Christophe Chazelas !

mardi 2 septembre 2008, à 23:45 par Berlol – Enregistrer & partager

Hier, c’était des arrachages de bois, plinthes, plafonds et sols, un plein camion. Aujourd’hui, on a les machines qui vrombissent gros et s’attaquent aux murs. Ça se passe dans l’appartement voisin de celui que nous venons d’emménager. Juste devant moi, un mètre au-delà de l’écran. Heureusement, T. est en bas à fermer ses derniers cartons, tranquille. Les ultimes meubles à jeter sortiront ce soir (sodaigomi, on a dû acheter 14 tickets, voir vendredi dernier). Nos propriétaires passeront demain après-midi. Dans quelques jours, nous aurons rendu les clés, nous n’aurons plus accès à cet appartement dans lequel, etc., etc. Tout le monde connaît cette sensation, je pense. Et même d’un endroit dont on n’était pas spécialement content, il est possible de regretter en partir, regretter le temps où on y était, tout simplement parce qu’on y a vécu plus jeune qu’on ne l’est maintenant, ou avec quelqu’un qu’on n’a plus ou parce que d’autres événements ont eu leur poids.
Mais bon, tant pis. Et on est tellement content de la lumière au 4e !

J’avais oublié que les Mardis littéraires avaient repris la semaine dernière (j’avais la tête ailleurs). Mais… qu’y (qui) vois-je, à côté d’Olivier Rolin et de Céline Minard ? Christophe Chazelas ! Le vieil ami (même si plus jeune que moi) dont je suis sans nouvelles depuis au moins quatre ans ! Le Christophe dont j’ai mis en ligne IL Y A 10 ANS — j’en reviens pas — une des premières versions de Feu l’artifice, maintenant publié dans la maison qu’il a créée avec une amie, Ariadna de Oliveira Gomes qui publie Ville réelle, si je comprends bien, les éditions Emblée. Ici, la liste des libraires partenaires (puisqu’ils n’ont pas (encore) de distributeur).
Du coup, le Chasseur de lions et Bastard Battle passent au second plan (ils auront leur tour) et j’écoute et réécoute la belle voix de l’ami lointain.
J’imagine que le texte aura changé. Il en parle un peu. Mon édition servira…
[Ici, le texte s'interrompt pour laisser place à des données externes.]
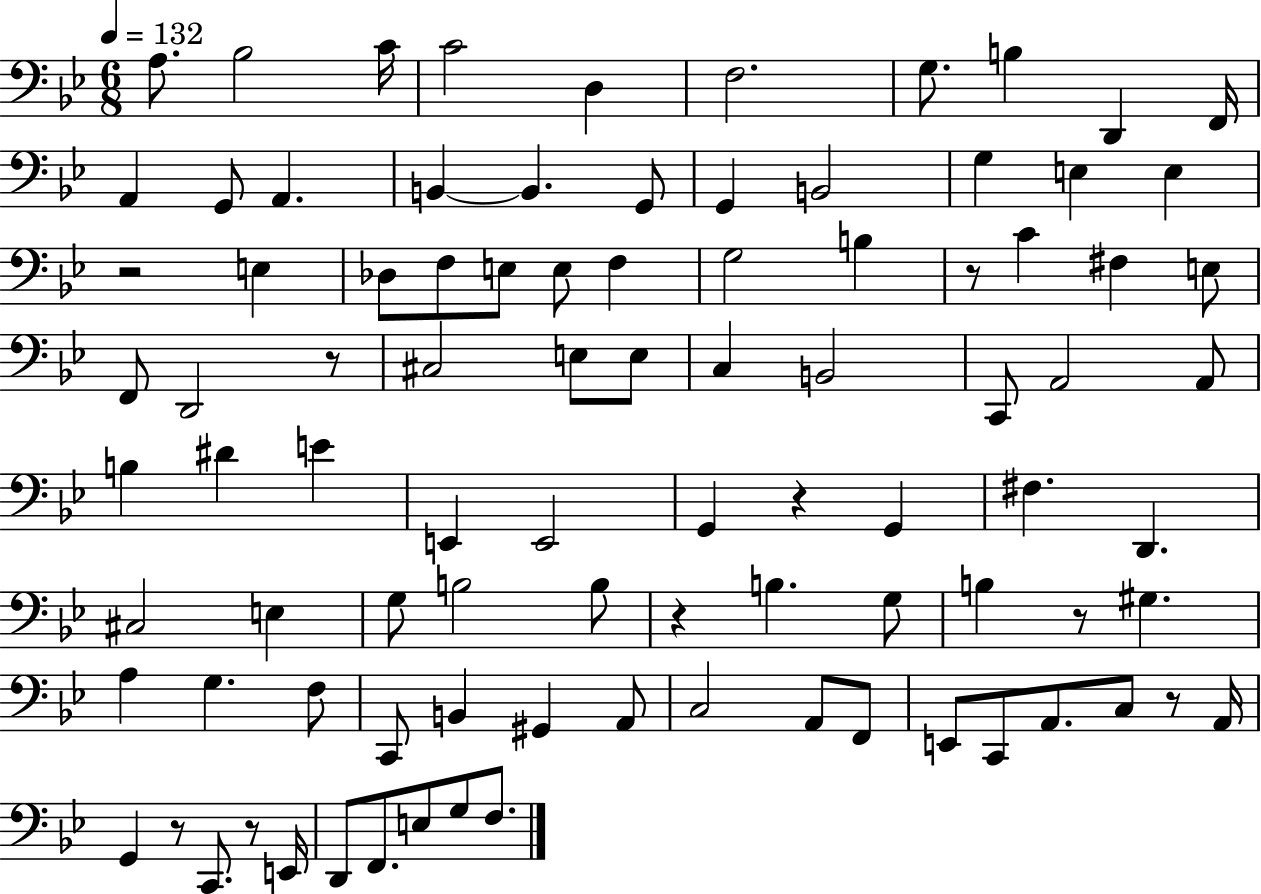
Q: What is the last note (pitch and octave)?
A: F3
« […] c’est mon premier livre publié parce que j’ai mis beaucoup de temps à prendre en compte l’existence du lecteur. Il y a un moment en poésie où on écrit, on est soi avec le monde en quelque sorte, et puis le jour où on décide de publier c’est tout à fait une autre affaire. Et ça m’a pris une petite dizaine d’années de prendre en compte ce lecteur, de jouer avec lui et cette voix [off] m’y a aidé énormément…» (Christophe Chazelas dans les Mardis littéraires du 26 août 2008)
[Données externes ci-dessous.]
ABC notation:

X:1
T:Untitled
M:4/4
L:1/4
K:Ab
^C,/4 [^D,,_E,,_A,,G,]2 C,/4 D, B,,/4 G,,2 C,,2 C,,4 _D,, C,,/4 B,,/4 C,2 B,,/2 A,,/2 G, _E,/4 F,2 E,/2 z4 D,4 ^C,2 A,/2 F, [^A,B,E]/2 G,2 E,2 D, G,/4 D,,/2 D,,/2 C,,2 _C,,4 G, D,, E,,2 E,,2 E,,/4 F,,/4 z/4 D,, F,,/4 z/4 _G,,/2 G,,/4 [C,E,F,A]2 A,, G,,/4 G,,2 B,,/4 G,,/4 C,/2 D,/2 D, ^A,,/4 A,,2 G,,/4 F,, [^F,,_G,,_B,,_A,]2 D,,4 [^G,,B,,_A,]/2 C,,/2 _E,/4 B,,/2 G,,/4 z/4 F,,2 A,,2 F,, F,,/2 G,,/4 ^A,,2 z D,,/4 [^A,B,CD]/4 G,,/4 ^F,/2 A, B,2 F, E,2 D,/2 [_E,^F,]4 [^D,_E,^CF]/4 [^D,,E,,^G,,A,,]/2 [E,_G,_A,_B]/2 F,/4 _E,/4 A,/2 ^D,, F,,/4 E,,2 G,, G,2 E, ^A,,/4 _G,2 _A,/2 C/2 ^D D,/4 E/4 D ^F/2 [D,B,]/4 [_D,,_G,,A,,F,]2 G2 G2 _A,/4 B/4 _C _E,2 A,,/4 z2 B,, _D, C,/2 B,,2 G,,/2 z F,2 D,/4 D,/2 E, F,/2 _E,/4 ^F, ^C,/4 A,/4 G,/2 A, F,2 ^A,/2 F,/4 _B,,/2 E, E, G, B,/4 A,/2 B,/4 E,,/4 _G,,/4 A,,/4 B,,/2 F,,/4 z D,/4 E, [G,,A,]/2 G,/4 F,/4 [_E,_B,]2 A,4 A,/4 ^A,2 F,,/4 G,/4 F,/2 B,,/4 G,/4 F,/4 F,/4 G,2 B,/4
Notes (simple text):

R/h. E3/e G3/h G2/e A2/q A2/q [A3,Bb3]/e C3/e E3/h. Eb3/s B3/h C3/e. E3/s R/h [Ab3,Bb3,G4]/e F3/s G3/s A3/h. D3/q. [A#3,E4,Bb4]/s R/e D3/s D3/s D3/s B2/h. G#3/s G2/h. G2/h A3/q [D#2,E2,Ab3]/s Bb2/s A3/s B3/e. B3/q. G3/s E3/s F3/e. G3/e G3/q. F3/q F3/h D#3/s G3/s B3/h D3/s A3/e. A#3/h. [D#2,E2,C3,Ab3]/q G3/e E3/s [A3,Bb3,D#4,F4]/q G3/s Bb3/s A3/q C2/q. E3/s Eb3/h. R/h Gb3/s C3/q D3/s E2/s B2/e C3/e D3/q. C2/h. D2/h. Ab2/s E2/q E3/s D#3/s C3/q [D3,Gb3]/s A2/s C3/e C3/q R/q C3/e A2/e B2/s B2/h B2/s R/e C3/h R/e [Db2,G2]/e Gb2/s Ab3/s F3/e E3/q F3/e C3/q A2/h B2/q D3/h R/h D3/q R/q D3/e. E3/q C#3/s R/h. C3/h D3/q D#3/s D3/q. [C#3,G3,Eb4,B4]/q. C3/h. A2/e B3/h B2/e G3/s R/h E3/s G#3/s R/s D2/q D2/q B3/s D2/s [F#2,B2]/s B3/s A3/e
J’essaye le dernier numéro de portable connu. Il l’a encore. Y laisse un message, avec mon adresse. Moins de deux heures après (j’étais sorti), il y a un courrier de lui. Je reconnais sa patte. Je réponds dans la soirée.
Entretemps, on a déjeuné au Saint-Martin, croisé des collègues à qui j’ai parlé de l’appartement à louer. T. a mis un scotch final aux cartons. Collé les tickets sur les encombrants. Je les ai sortis un à un, du plus petit au plus gros, il a fallu démonter des pieds de table pour leur faire passer les portes, les remonter dehors. Mettre tout ça dans la place de parking du proprio. Déranger Frédéric pour une commode pas commode, qui ne voulait pas passer l’entrée et que T. n’était pas sûre de tenir dans l’escalier.
Après ça, on se tient tranquille toute la soirée…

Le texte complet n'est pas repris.